While taking this class, and now in its aftermath, I found myself looking for the poetry section in bookstores, wanting to discover more poets you don’t learn about in most general English classes. Each time, I was disappointed to see skimpy sections with only historically important poetry that you’d be forced to read in school, and maybe one contemporary poet who’s breaking the barrier to be sold on the shelves of stores. It made me think of why they don’t sell as many non-historical poetry books as they do fiction and nonfiction, and I realized it was because people weren’t drawn to poetry for the reasons I wasn’t drawn to it at first.
Like many, I was unaware of how impactful a poem can be, how poems can stick with you like a song during rough patches of your life. In one of my college English classes that focuses on the English major itself, we talked about how poems were once so important to the everyday lives of people, that they used to share them in public logs and dedicate powerful ones to memory just to have. When asked how many of us had to memorize and recite a poem for a class, only half of my fellow 100+ students raised their hands along with me, but those who did remembered the name and context of the poem they had. One man in the class, who mentioned he went to high school in the 1980s, recited his full poem in completion on spot for all of us, because it had stuck with him all these years.

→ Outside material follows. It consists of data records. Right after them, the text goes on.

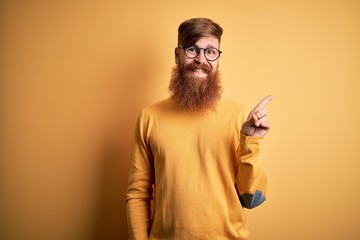 Handsome Irish redhead man with beard wearing glasses over yellow isolated background with a big smile on face, pointing with hand finger to the side looking at the camera.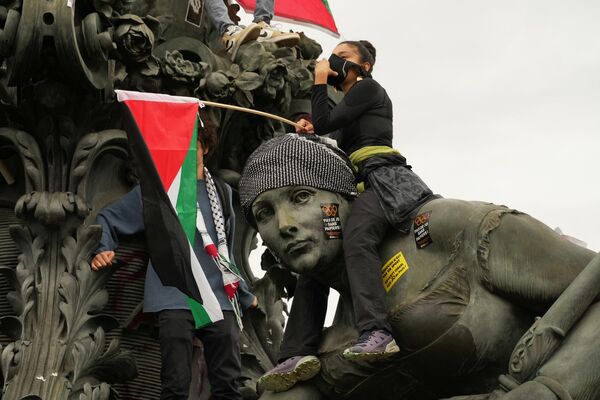 Un manifestante sostiene una bandera palestina en la estatua El Triunfo de la República en París. - Sputnik Mundo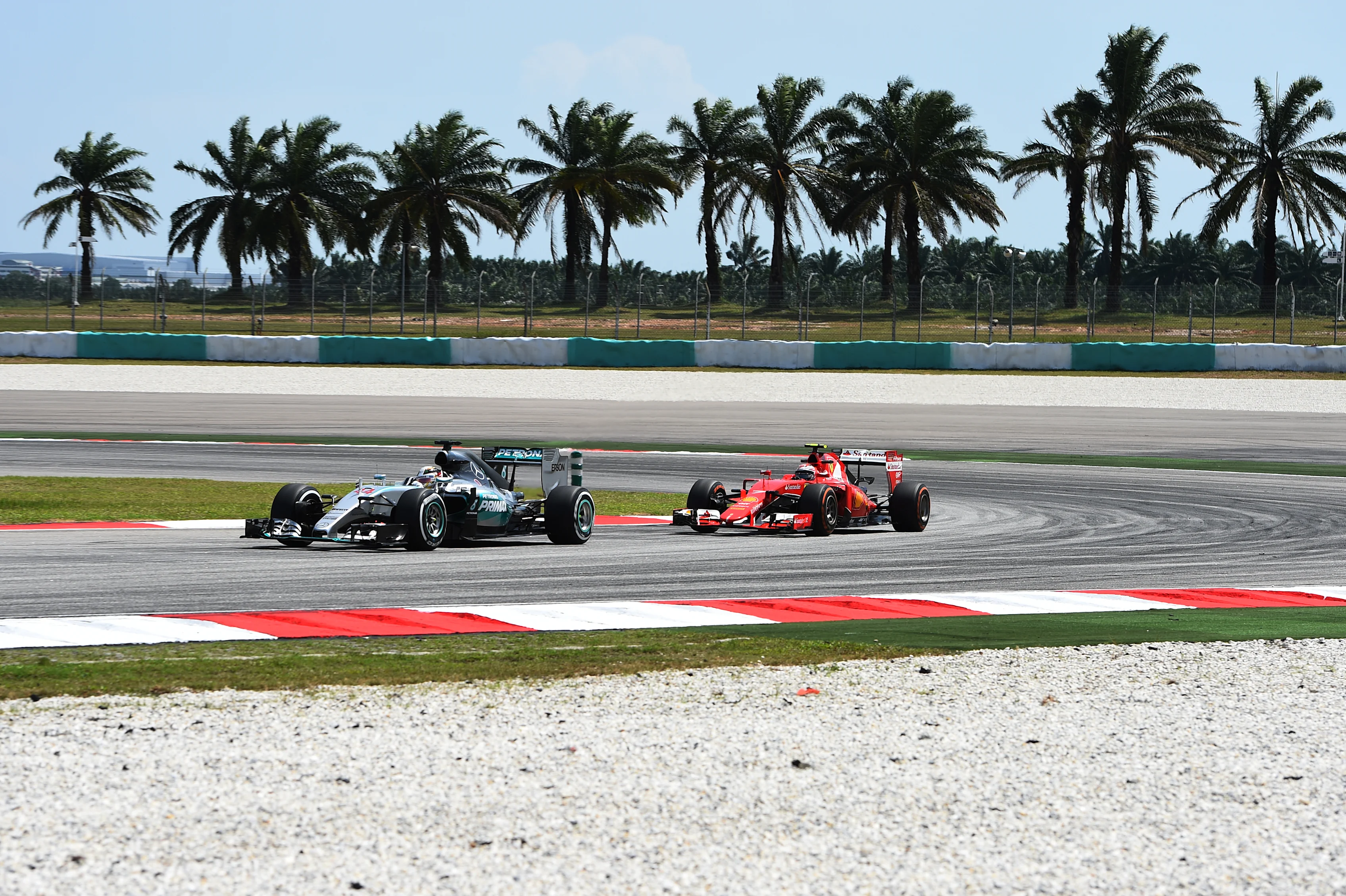 Lewis Hamilton (GBR) Mercedes AMG F1 W06 and Kimi Raikkonen (FIN) Ferrari SF15-T at Formula One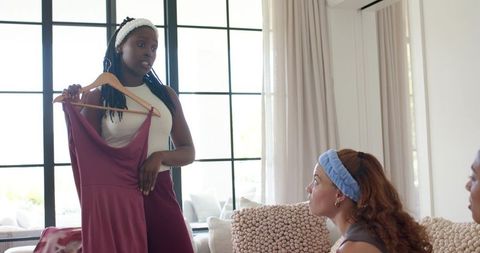 African american woman holding burgundy dress while friends comparing outfits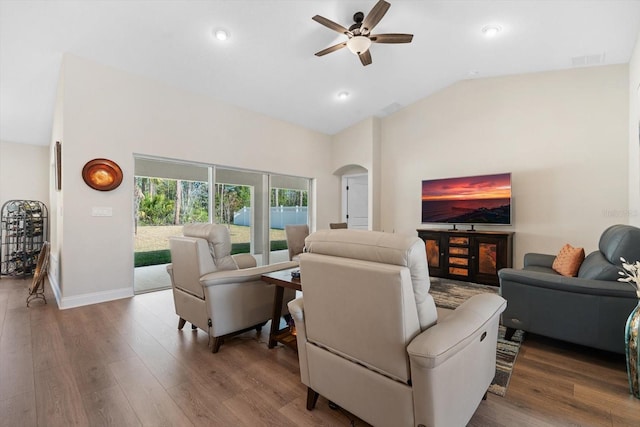 living room featuring hardwood / wood-style flooring, ceiling fan, and vaulted ceiling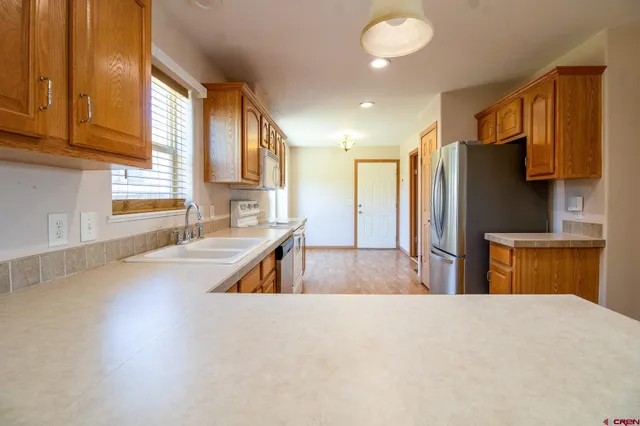 a kitchen with stainless steel appliances a refrigerator and a sink
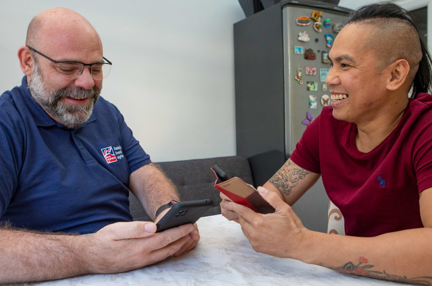 Blind veteran Ken being taught to use a smart phone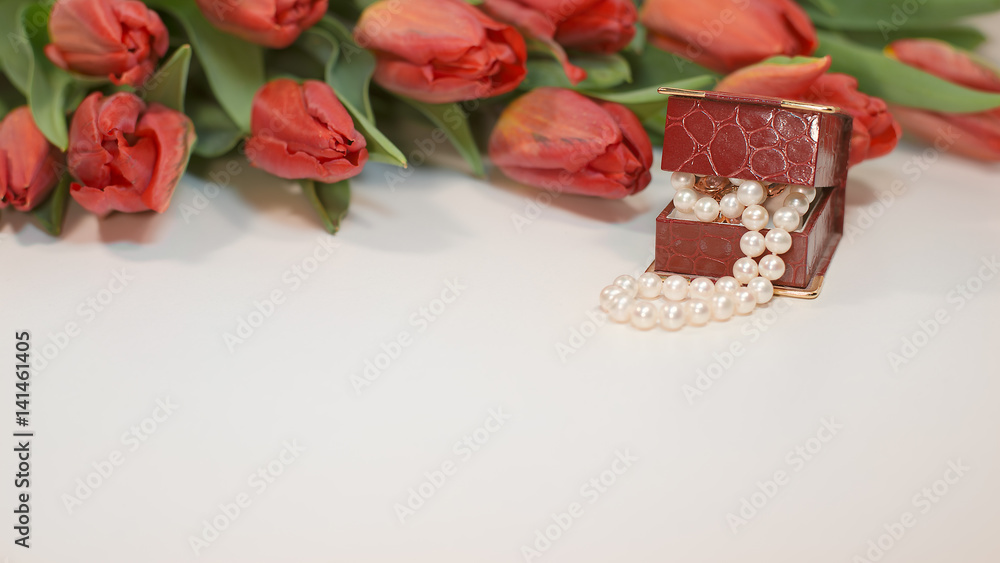 Red spring tulips with small box with pearls romantic present Red spring tulips with small box with pearls romantic present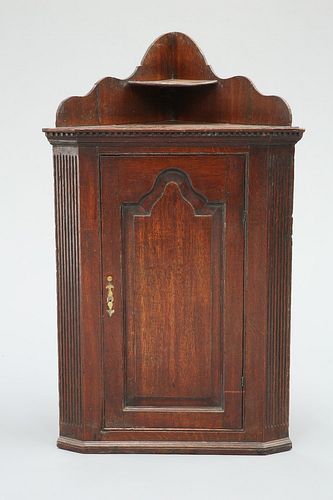 A GEORGE III OAK CORNER CUPBOARD, with fielded arch panel door flanked by f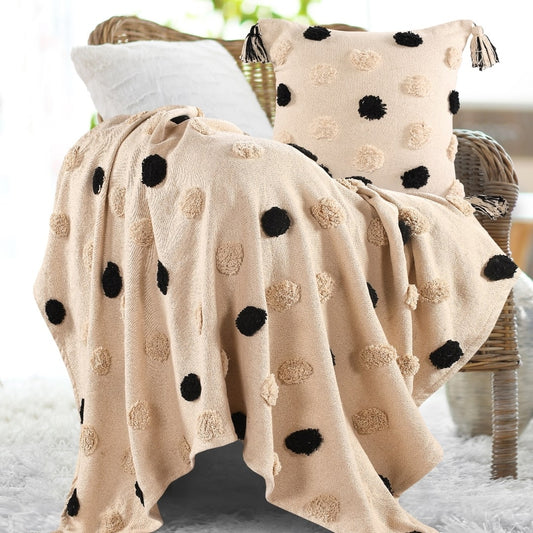 Placed on a chair, the Monochromatic Polka Dot Throw, a black and white throw you can buy online at Sukham Home, a sustainable furniture, kitchen & dining and home decor store in Kolkata, India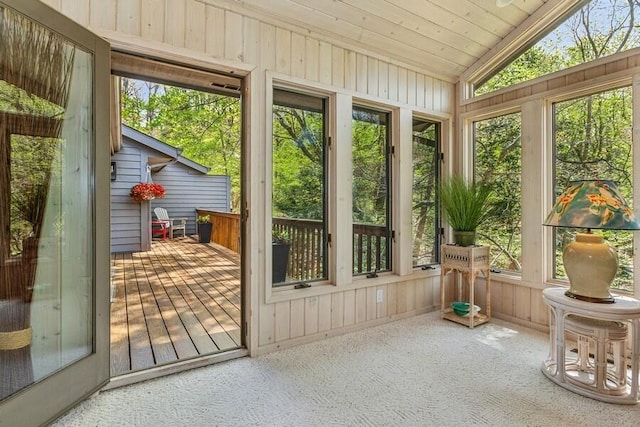 10059 Weko Dr, Bridgman, MI 49106 - sunroom featuring lofted ceiling, wooden walls, a deck, and carpet flooring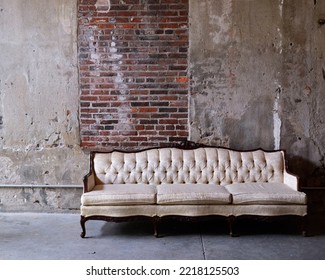 Light Colored Sofa In Industrial Space With Exposed Brick Wall.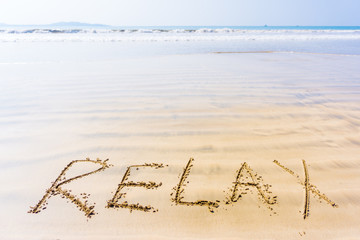 The inscription on the sand relax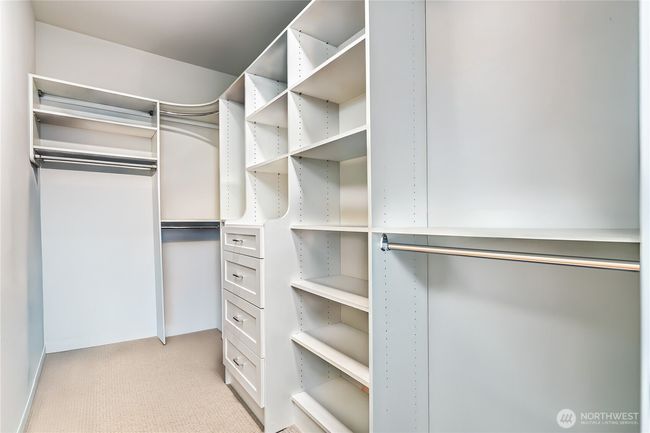 Enjoy a large walk-in closet and a serene atmosphere of the primary bedroom making it the perfect personal retreat with comfort and functionality in mind | Image 22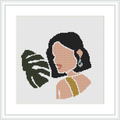 The image depicts a side profile of a woman with black hair, her face turned slightly downwards, and a large green tropical leaf partially obscuring her face. She wears a strapless top and an earring. The design is framed against a white background.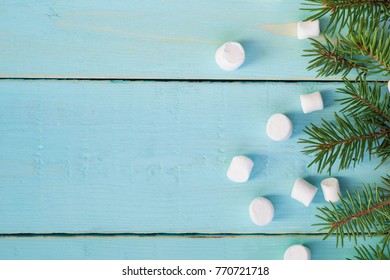 Christmas border with branch of fir tree and marshmallows on wooden background. Top view copy space - Shutterstock ID 770721718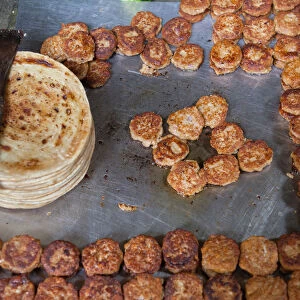 India, Uttar Pradesh, Faizabad, Display of cooked parathas and mutton patties in a food hotel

Even though poems may be shorter in length, their weight on our lives can remain with us. Poems pack punches that you sometimes don’t get hit with until the very last line. They can be concise and strong, or long and thoughtful, but a good poem will always leave you with something. Poems evoke emotions within us that we may not want to deal with. They can make us cry, remind us of our past, and inspire us all at the same time, and I can’t wait for the day when everyone realizes how much might poetry can have.